The Beatrix Potter™ rose, sponsored by
The Beatrix Potter Society and grown by
Peter Beales Roses, Norfolk, was launched at the
RHS Chelsea flower Show on 24 May 2010 to
celebrate the Society’s 30th Birthday.
The rose is a delicate creamy pink coloured shrub rose
with a subtle fragrance, reflecting a rose which
Beatrix Potter herself painted.
Helen Bertram, newly elected chairman of the
Beatrix Potter Society and its Patron, actress
Patricia Routledge, admire the new rose ‘Beatrix Potter’
which was launched at this year’s Chelsea Flower Show.
Helen, from Solihull, runs Whitecroft Tours which
specialises in bespoke traditional crafting and
heritage tours.

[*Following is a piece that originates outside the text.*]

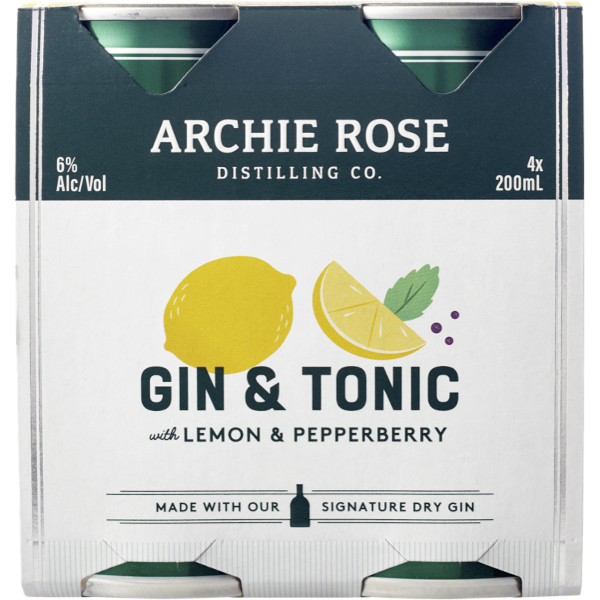ARCHIE ROSE GIN & TONIC Can 200ml - 4 Pack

To celebrate her appointment she
is organising a ‘Painting with Potter’ break this October
in the Lake District, where the Peter Rabbit creator lived.
In the news:
One of the world's leading rose growers is putting
the finishing touches to their display at next week's
Chelsea Flower Show where they will be
unveiling three new beautiful blooms.
Former gold award winner Peter Beales Roses,
based in Attleborough, will be introducing its most
recent creations on Monday in what is believed to be
the company's 35th year of exhibiting at the renowned show.
This year it has produced varieties commemorating
the 100th birthday of the John Innes Centre,
in Norwich, the 30th anniversary of The
Beatrix Potter Society and the recent refurbishment of
the Church of the Notre Dame in Calais, France.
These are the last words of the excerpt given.